Reproduce the data that follows in its entirety, character for character.
++++++
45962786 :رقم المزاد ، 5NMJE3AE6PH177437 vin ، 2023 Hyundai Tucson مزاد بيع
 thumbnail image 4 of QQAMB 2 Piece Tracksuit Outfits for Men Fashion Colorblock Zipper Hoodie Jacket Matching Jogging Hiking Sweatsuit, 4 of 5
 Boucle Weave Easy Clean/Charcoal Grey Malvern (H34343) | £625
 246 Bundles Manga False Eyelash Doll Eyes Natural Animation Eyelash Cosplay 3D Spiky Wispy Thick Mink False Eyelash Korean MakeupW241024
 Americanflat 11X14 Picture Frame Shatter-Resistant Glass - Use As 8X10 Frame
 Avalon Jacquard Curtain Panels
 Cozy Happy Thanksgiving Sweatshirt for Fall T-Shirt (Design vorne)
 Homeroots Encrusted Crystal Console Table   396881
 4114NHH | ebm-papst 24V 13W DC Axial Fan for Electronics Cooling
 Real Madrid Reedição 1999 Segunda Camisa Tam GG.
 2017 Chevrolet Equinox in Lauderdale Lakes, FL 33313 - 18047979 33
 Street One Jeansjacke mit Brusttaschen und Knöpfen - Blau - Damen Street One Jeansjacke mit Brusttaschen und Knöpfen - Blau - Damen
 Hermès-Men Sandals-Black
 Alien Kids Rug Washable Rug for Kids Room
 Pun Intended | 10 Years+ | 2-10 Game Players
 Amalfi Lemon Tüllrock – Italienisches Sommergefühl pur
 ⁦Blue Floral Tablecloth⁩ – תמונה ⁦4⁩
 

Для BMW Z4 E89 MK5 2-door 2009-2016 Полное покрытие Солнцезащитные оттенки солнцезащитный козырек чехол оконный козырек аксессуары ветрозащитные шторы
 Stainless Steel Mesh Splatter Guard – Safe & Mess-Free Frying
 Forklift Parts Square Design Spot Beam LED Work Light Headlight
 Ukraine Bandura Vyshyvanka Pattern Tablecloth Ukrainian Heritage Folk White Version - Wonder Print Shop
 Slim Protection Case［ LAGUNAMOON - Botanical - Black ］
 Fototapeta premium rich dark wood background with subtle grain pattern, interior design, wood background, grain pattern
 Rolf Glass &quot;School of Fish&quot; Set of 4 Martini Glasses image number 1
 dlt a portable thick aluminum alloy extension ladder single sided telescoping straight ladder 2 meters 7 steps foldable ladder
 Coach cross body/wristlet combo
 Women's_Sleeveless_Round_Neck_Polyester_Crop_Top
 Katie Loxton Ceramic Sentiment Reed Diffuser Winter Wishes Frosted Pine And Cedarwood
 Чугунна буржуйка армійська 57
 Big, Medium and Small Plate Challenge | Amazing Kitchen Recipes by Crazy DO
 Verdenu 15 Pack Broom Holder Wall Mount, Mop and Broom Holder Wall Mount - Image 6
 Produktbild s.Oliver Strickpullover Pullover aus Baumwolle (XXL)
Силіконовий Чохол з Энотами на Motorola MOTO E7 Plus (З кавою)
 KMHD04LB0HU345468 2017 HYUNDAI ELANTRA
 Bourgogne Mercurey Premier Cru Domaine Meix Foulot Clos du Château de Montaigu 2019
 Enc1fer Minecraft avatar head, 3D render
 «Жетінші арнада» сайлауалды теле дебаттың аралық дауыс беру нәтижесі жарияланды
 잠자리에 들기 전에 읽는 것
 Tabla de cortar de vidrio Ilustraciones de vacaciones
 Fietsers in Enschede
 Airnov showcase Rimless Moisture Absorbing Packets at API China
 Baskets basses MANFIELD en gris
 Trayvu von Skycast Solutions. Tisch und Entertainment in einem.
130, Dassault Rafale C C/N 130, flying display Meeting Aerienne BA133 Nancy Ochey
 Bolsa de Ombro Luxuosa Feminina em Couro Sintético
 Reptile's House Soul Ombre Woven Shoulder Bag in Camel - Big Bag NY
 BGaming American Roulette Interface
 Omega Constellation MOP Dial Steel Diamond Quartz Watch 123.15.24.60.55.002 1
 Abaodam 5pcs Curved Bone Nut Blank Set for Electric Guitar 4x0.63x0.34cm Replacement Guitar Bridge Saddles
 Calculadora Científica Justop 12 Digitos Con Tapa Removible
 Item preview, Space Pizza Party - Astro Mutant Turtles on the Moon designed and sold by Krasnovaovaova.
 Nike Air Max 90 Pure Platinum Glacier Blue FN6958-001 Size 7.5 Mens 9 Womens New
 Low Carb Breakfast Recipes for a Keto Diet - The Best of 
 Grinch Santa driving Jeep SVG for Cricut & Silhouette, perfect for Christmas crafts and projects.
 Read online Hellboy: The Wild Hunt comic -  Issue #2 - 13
++++++
(Response):
45962786 :رقم المزاد ، 5NMJE3AE6PH177437 vin ، 2023 Hyundai Tucson مزاد بيع
 thumbnail image 4 of QQAMB 2 Piece Tracksuit Outfits for Men Fashion Colorblock Zipper Hoodie Jacket Matching Jogging Hiking Sweatsuit, 4 of 5
 Boucle Weave Easy Clean/Charcoal Grey Malvern (H34343) | £625
 246 Bundles Manga False Eyelash Doll Eyes Natural Animation Eyelash Cosplay 3D Spiky Wispy Thick Mink False Eyelash Korean MakeupW241024
 Americanflat 11X14 Picture Frame Shatter-Resistant Glass - Use As 8X10 Frame
 Avalon Jacquard Curtain Panels
 Cozy Happy Thanksgiving Sweatshirt for Fall T-Shirt (Design vorne)
 Homeroots Encrusted Crystal Console Table   396881
 4114NHH | ebm-papst 24V 13W DC Axial Fan for Electronics Cooling
 Real Madrid Reedição 1999 Segunda Camisa Tam GG.
 2017 Chevrolet Equinox in Lauderdale Lakes, FL 33313 - 18047979 33
 Street One Jeansjacke mit Brusttaschen und Knöpfen - Blau - Damen Street One Jeansjacke mit Brusttaschen und Knöpfen - Blau - Damen
 Hermès-Men Sandals-Black
 Alien Kids Rug Washable Rug for Kids Room
 Pun Intended | 10 Years+ | 2-10 Game Players
 Amalfi Lemon Tüllrock – Italienisches Sommergefühl pur
 ⁦Blue Floral Tablecloth⁩ – תמונה ⁦4⁩
 

Для BMW Z4 E89 MK5 2-door 2009-2016 Полное покрытие Солнцезащитные оттенки солнцезащитный козырек чехол оконный козырек аксессуары ветрозащитные шторы
 Stainless Steel Mesh Splatter Guard – Safe & Mess-Free Frying
 Forklift Parts Square Design Spot Beam LED Work Light Headlight
 Ukraine Bandura Vyshyvanka Pattern Tablecloth Ukrainian Heritage Folk White Version - Wonder Print Shop
 Slim Protection Case［ LAGUNAMOON - Botanical - Black ］
 Fototapeta premium rich dark wood background with subtle grain pattern, interior design, wood background, grain pattern
 Rolf Glass &quot;School of Fish&quot; Set of 4 Martini Glasses image number 1
 dlt a portable thick aluminum alloy extension ladder single sided telescoping straight ladder 2 meters 7 steps foldable ladder
 Coach cross body/wristlet combo
 Women's_Sleeveless_Round_Neck_Polyester_Crop_Top
 Katie Loxton Ceramic Sentiment Reed Diffuser Winter Wishes Frosted Pine And Cedarwood
 Чугунна буржуйка армійська 57
 Big, Medium and Small Plate Challenge | Amazing Kitchen Recipes by Crazy DO
 Verdenu 15 Pack Broom Holder Wall Mount, Mop and Broom Holder Wall Mount - Image 6
 Produktbild s.Oliver Strickpullover Pullover aus Baumwolle (XXL)
Силіконовий Чохол з Энотами на Motorola MOTO E7 Plus (З кавою)
 KMHD04LB0HU345468 2017 HYUNDAI ELANTRA
 Bourgogne Mercurey Premier Cru Domaine Meix Foulot Clos du Château de Montaigu 2019
 Enc1fer Minecraft avatar head, 3D render
 «Жетінші арнада» сайлауалды теле дебаттың аралық дауыс беру нәтижесі жарияланды
 잠자리에 들기 전에 읽는 것
 Tabla de cortar de vidrio Ilustraciones de vacaciones
 Fietsers in Enschede
 Airnov showcase Rimless Moisture Absorbing Packets at API China
 Baskets basses MANFIELD en gris
 Trayvu von Skycast Solutions. Tisch und Entertainment in einem.
130, Dassault Rafale C C/N 130, flying display Meeting Aerienne BA133 Nancy Ochey
 Bolsa de Ombro Luxuosa Feminina em Couro Sintético
 Reptile's House Soul Ombre Woven Shoulder Bag in Camel - Big Bag NY
 BGaming American Roulette Interface
 Omega Constellation MOP Dial Steel Diamond Quartz Watch 123.15.24.60.55.002 1
 Abaodam 5pcs Curved Bone Nut Blank Set for Electric Guitar 4x0.63x0.34cm Replacement Guitar Bridge Saddles
 Calculadora Científica Justop 12 Digitos Con Tapa Removible
 Item preview, Space Pizza Party - Astro Mutant Turtles on the Moon designed and sold by Krasnovaovaova.
 Nike Air Max 90 Pure Platinum Glacier Blue FN6958-001 Size 7.5 Mens 9 Womens New
 Low Carb Breakfast Recipes for a Keto Diet - The Best of 
 Grinch Santa driving Jeep SVG for Cricut & Silhouette, perfect for Christmas crafts and projects.
 Read online Hellboy: The Wild Hunt comic -  Issue #2 - 13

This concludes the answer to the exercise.